Tag Archives: asparagus

Crispy Skinned Salmon: An Ode to Ranch 99

I have probably waxed poetic about the beauty of Ranch 99 before. Ranch 99 is a chain of Asian supermarkets found in the Bay Area (and I’ve heard rumors of them existing in other parts of California as well). Right down the street from us is the Ranch 99 Cupertino store. It is in a busy shopping center with one of the most dangerous parking lots I’ve ever encountered along with a large number of mostly Chinese restaurants and bubble tea stores. I like having this grocery store within walking distance and it will be one of the few things that I will miss after we move back to Santa Cruz.

Fresh wild salmon filet with large ribbons of fat running through it.

One of the best things about Ranch 99 is the fresh seafood. They have live shellfish of all shapes, sizes, and varieties there. They also have live fish there that you can choose from. Now I am not so knowledgeable, skilled, or adventurous enough at the moment to choose my own fish and gut it at home. Instead Andrew and I opted to purchase their fresh, wild salmon filets stored on ice in the fish market. These filets were huge and mine alone was over a pound of brightly colored, fat ribboned salmon glory.

Salmon Skin is not only beautiful but incredibly delicious and crispy when grilled. 

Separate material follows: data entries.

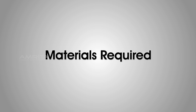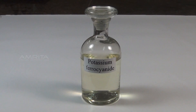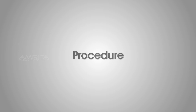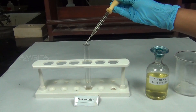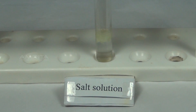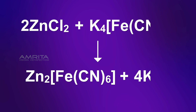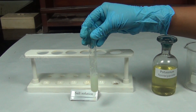Potassium ferrocyanide test. Materials required: salt solution in a test tube, potassium ferrocyanide solution, and dropper. Procedure: Take a small quantity of potassium ferrocyanide solution using a dropper and add it into the salt solution taken in a test tube. Shake the test tube well. Zinc ions present in the solution react with potassium ferrocyanide to form a white precipitate of zinc ferrocyanide.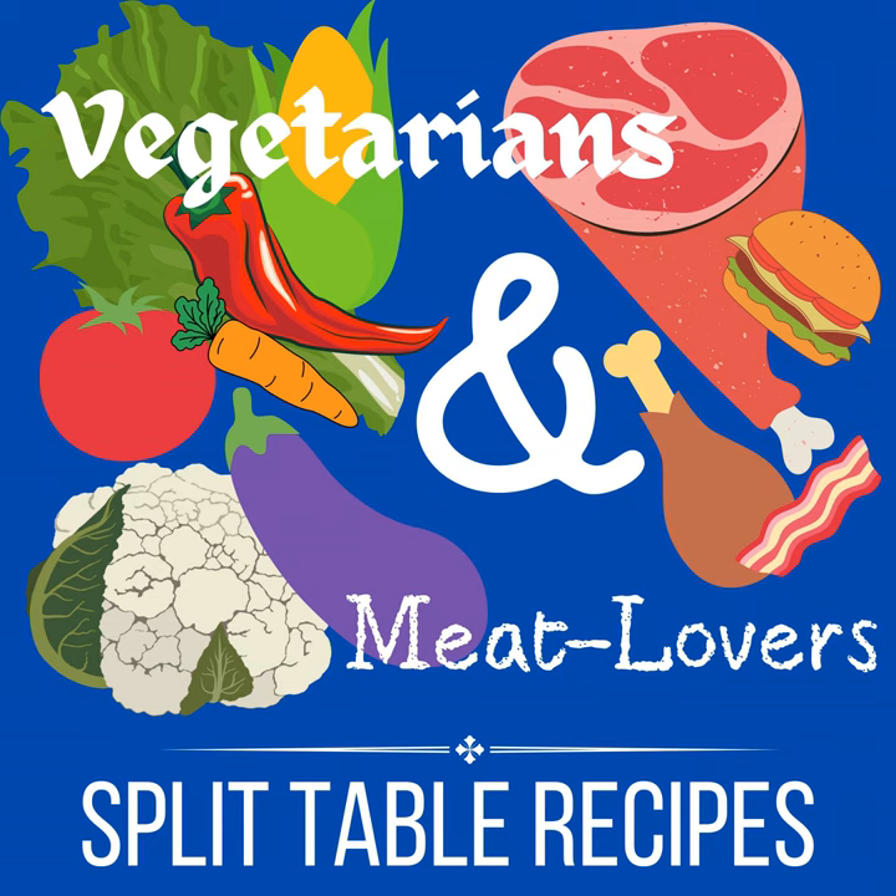Hello, this is Julie Hogue with Vegetarians and Meat Lovers Split Table Recipes. Do you have a vegetarian family member or friend, or do you sometimes like meatless meals but then other people in your family like meat? Well, I am for you then, because that's what I do. My family is composed of a vegetarian — which is me — and four meat eaters. I'm the cook. I have figured out many ways to cook for both diets, and I've been doing it for something crazy like 27 years.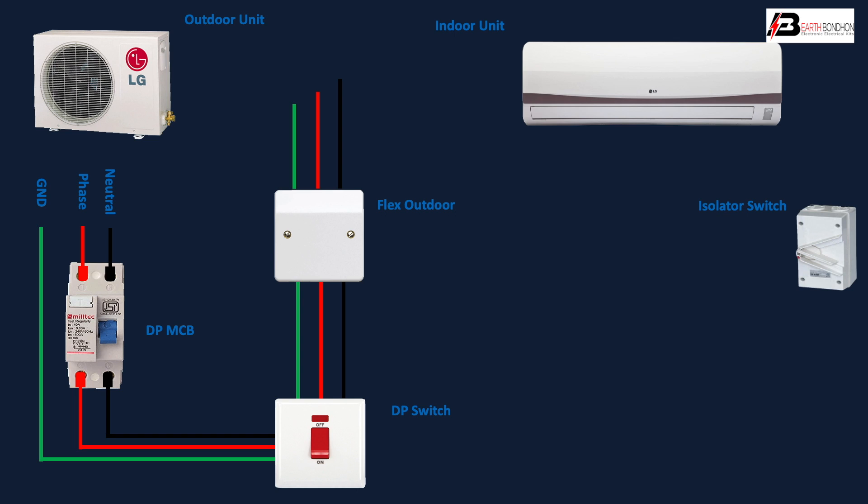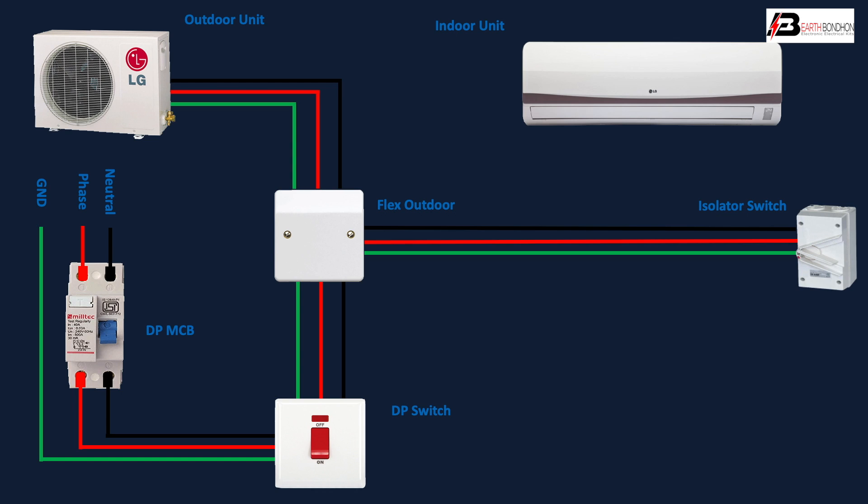For the outdoor unit connection: phase, neutral, and ground — meaning earthing — connect from the flexible outgoing to the insulator input. From the insulator outgoing, connect to the indoor unit — phase, neutral, and earthing. The indoor unit outgoing then connects to the outdoor unit via the control unit.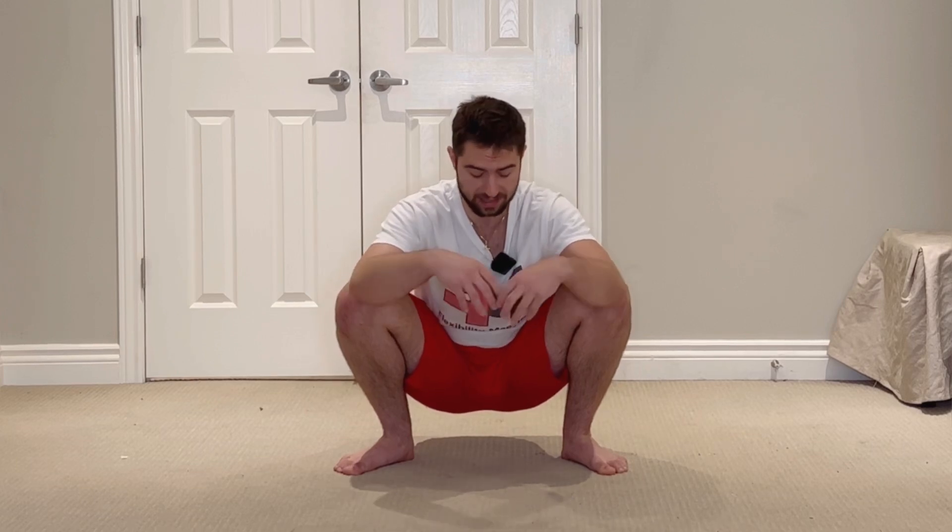The other key factor to consider in our end range squat position is the external rotation of the hips. This is going to do a couple of things — external rotation is going to help facilitate allowing you to move into a deeper hip flexion, which will allow you to sink deeper into the squat position.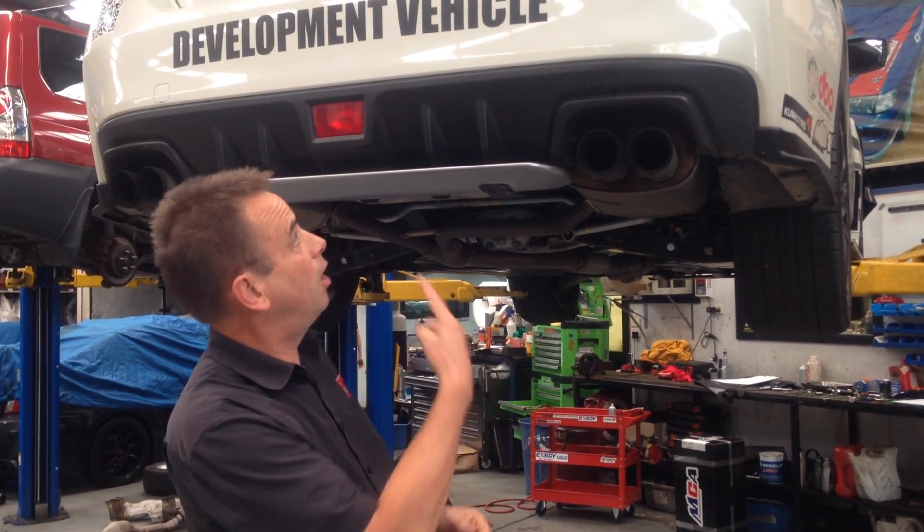Hi, I'm Brent. Today we've got another video update on the MY15 onwards range of Subaru Impreza WRX models, and behind me is our R&D vehicle which was the first MY15 WRX delivered here in Australia.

 I went for a simple treatment of the fish. I marinated it in the juice of one lemon, two tablespoons of soy sauce, and rubbed some brown sugar into the flesh. Before marinating make sure to wash the fish so any slime comes off and pat it dry with paper towels. This is also a good time to debone the fish if there are any. There were so few bones in my fish that I just skipped this step all together. Let it marinate on the counter for thirty minutes before throwing it on the grill.

Marinating salmon in soy sauce, lemon juice, and brown sugar. 

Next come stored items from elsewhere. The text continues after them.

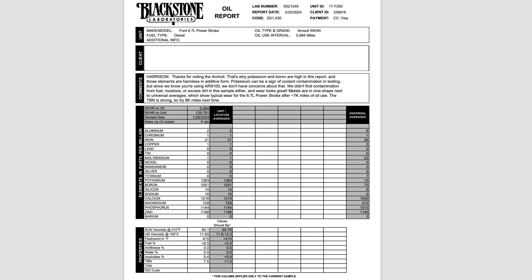Looking at the Blackstone Labs report, up at the top they show the unit — my truck, the engine it has, what type of oil, and the use interval. At this testing date I was at about 6,000 miles. Under the client info they give you comments, and this is where the bulk of the gold nuggets are. They write: thanks for noting the AR-91 — that's why potassium and boron are high in this report, and those elements are harmless in additive form. Potassium can be a sign of coolant contamination in testing, but since we know we're using AR-91 we don't have any concerns about that.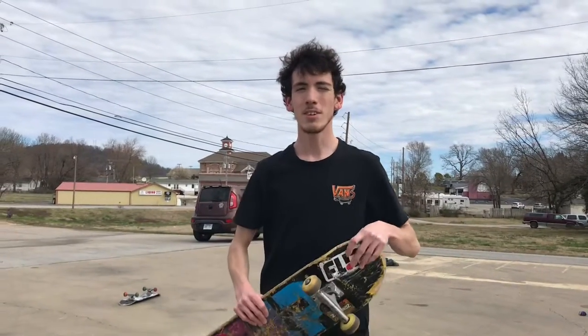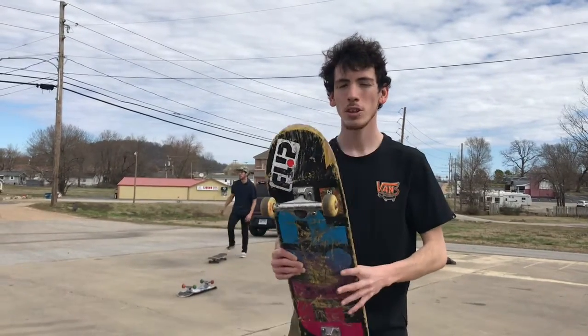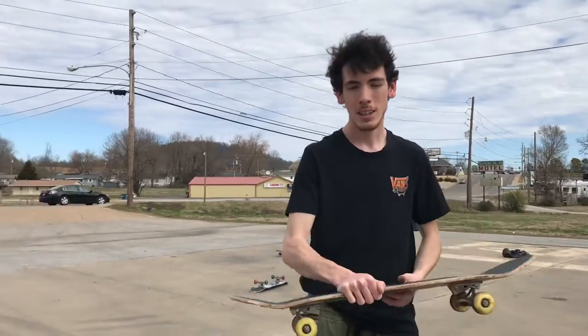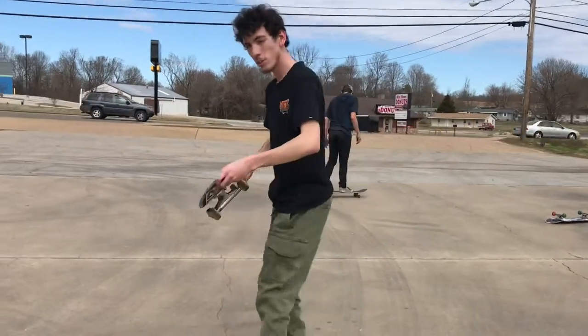How's it going everyone? Today I'm going to teach you guys how to do a fakie big spin. Sorry for the traffic, but your board is going to do a 360 while your body goes like this into a 180.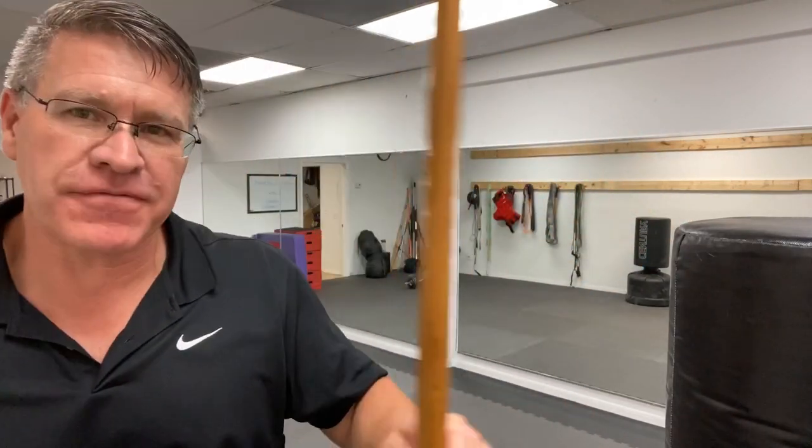In this live Jo staff training and walking stick self-defense training video, you're going to learn how to use your walking stick, whether it's a 54-inch Jo or maybe you have an Irish Shillelagh. They're very effective in self-defense. You'll learn how to use a walking stick for self-defense and do some Jo staff training because they double as each other.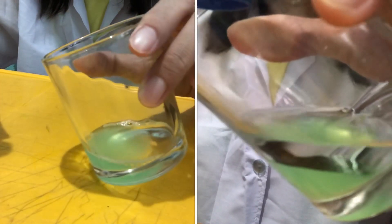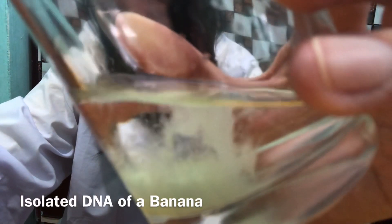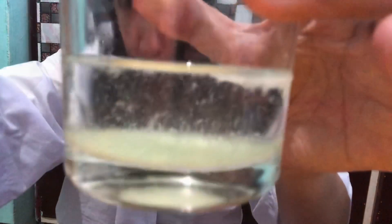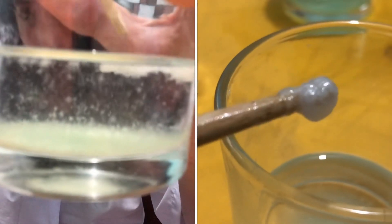We have to do it gently, so I'm going to tilt this container a little. As you can see, there is a white material that has emerged from our solution — we can use this stick to get our isolated DNA from the banana.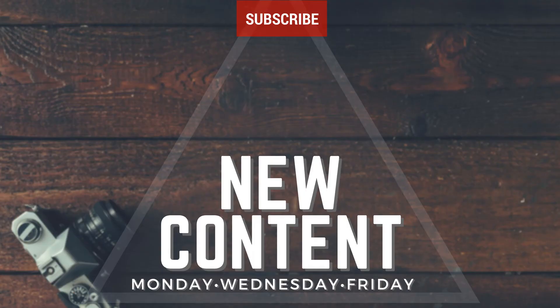If you guys enjoyed this video, go ahead and give me a thumbs up. Hit that subscribe button for new content every Monday, Wednesday, and Friday. I'll see you guys later. Bye now.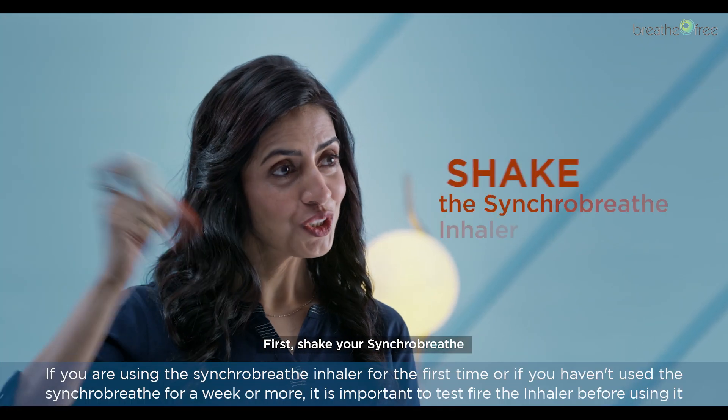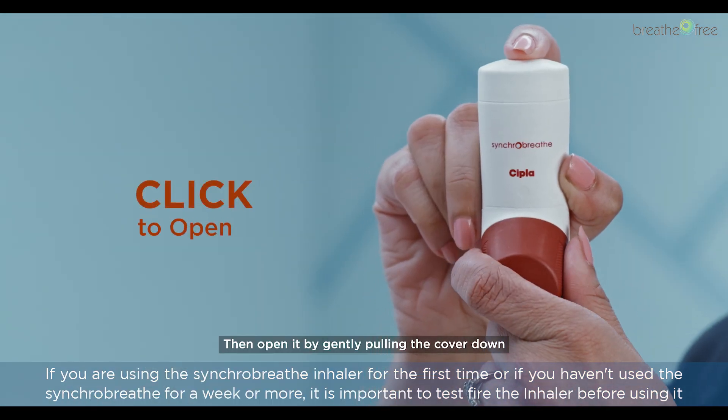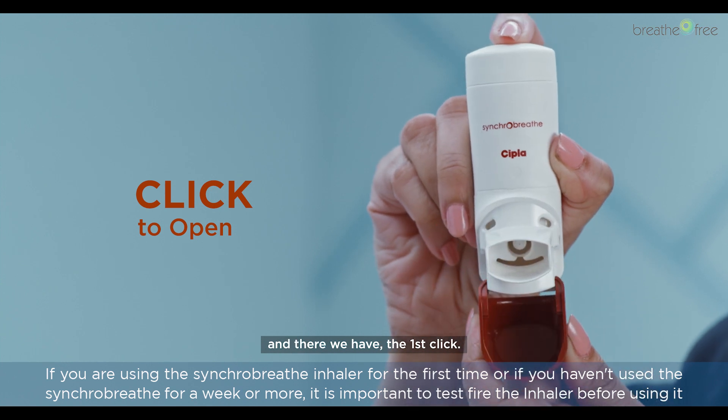First, shake your SynchroBreathe keeping the mouthpiece cover closed. Then open it by gently pulling the cover down — and there we have the first click.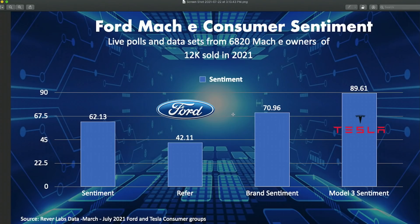I want to jump to a consumer sentiment data poll that we did on about 50% of Mach-E owners, at least up to almost 13,000 cars that were sold. The sentiment on this vehicle is holding at 62.13. We analyzed this from a variety of different social media products. 62 is a pretty good sentiment score overall. Whether or not they would refer the vehicle was a 42.11 score, which is a little bit lower but still respectable. Brand sentiment was still very high — almost 71 — compared to say the Tesla Model 3 overall sentiment, which is an 89.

Grill the salmon skin side down so the skin becomes crispy and delicious. The skin may stick to the grill. It did in my case because of the marinade that we put on it, but Andrew’s simple treatment of olive oil and lemon juice did not stick to the grill. You want to grill it on medium high heat with about four inches of space from your rack to your heat source (we use a propane grill). Our filets were large so it took about twenty minutes for them to cook to about medium. It will be less time if your filets are thinner or if you want to go for medium rare. Only eat medium rare or rare fish if it is very very fresh and you know the source. Just because the grocery store says it is sushi grade does not necessarily mean that you can it rare.

We served the salmon with asparagus cooked on the stovetop with olive oil and lemon and brown rice.

 

Chicken and Biscuits

I had two chicken breasts to use up that were sitting in the fridge. I was thinking all day about what I wanted to make. I really wanted to make fried chicken and waffles, but I prefer not to fry foods and delicious waffles elude me. I wanted to work on my waffle making, but I also didn’t want to mess them up again. Instead, I decided to make chicken and buttermilk biscuits.

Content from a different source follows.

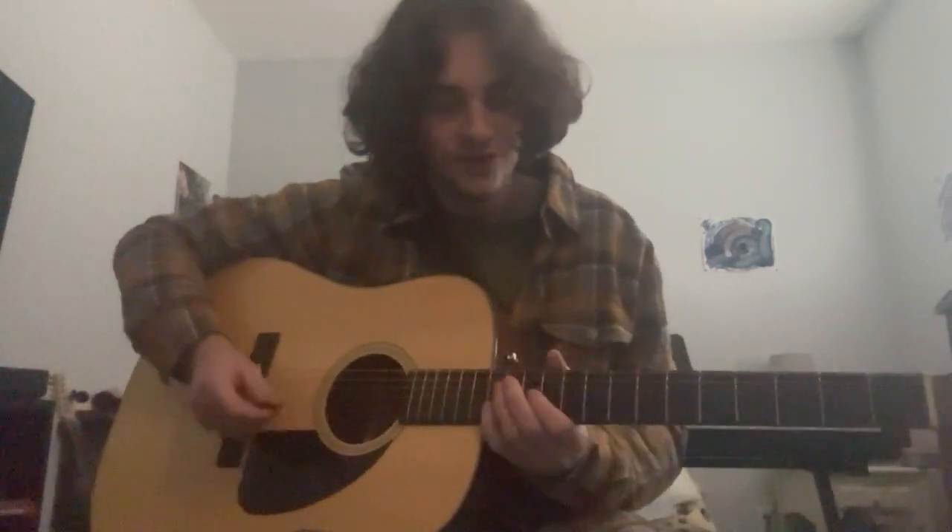And that's how you play 'Trying Soda.' I hope this was easy to follow. Thanks for watching, bye.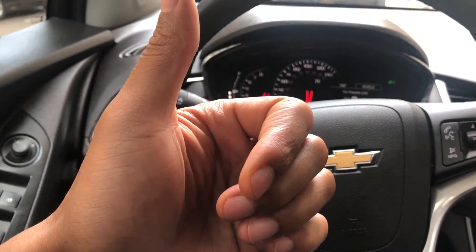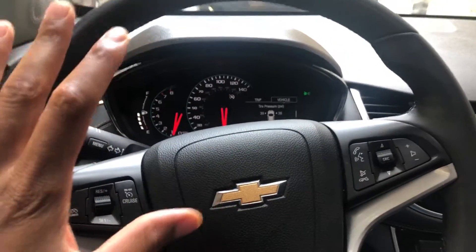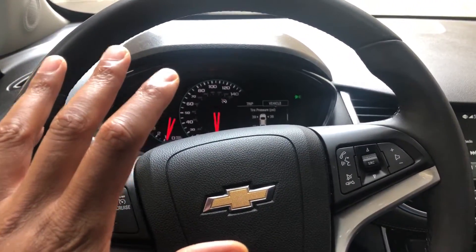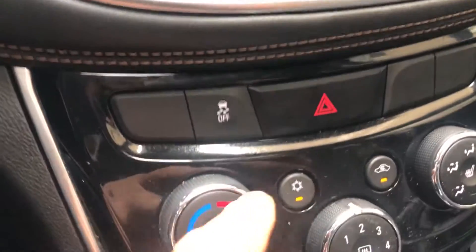This is the 2017 Chevrolet Trax. Today I'm going to show you where the traction control button is. Read your owner's manual so you know how to use it. So I'm sitting in the parked car, and I am going to look towards the center of the vehicle.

The chicken I made was chicken nuggets from Mark Bittman’s How To Cook Everything. His are fried and I decided I wanted to bake mine instead. Mine turned out dry and definitely needed BBQ sauce.

Chickpea Curry

I’m not sure if anyone has realized yet but I love chickpeas. Andrew also loves them so we cook them a lot. He is really trying to reduce his meat intake and one way of doing that is bulking up on other proteins. Chickpeas are one of my favorite beans to eat. One of my favorite things to eat them in is curry. There is a curry place very close to where Andrew used to live in Santa Clara that served amazing channa masala. Now their channa masala was not vegan and this one is!

This post celebrates the first time I have made rice correctly without a rice cooker. I am very proud of myself.

Chickpea Curry (Channa Masala)

  • 1 15 oz. can cooked chickpeas
  • 1 pkg. Chicken Tikka Masala mix (I know this is cheating)
  • 1/3 cup lite coconut milk (the mix called for heavy cream, but I wanted to make it vegan and Andrew hates dairy)
  • cooked rice

I made my curry with white rice, but next time I think I will do brown rice. It has more flavor than white rice. I do however have twenty pounds of white rice sitting in my cupboard.

1. In a pot bring water, spice packet, and coconut milk to boil. Then add chickpeas and cook until heated through.

We served this with Andrew’s asparagus with olive oil and lemon juice.

Rice with Poached Egg

I am terrible at making rice without a rice maker. I can never seem to get the texture correct. The outside is mushy and the inside is undercooked. I always do the right proportion of water to rice, I cook it the amount of time that the recipe says, yet I am a failure at making rice. However, the rice is not inedible so I will end up eating at least one serving of it and throwing the rest out.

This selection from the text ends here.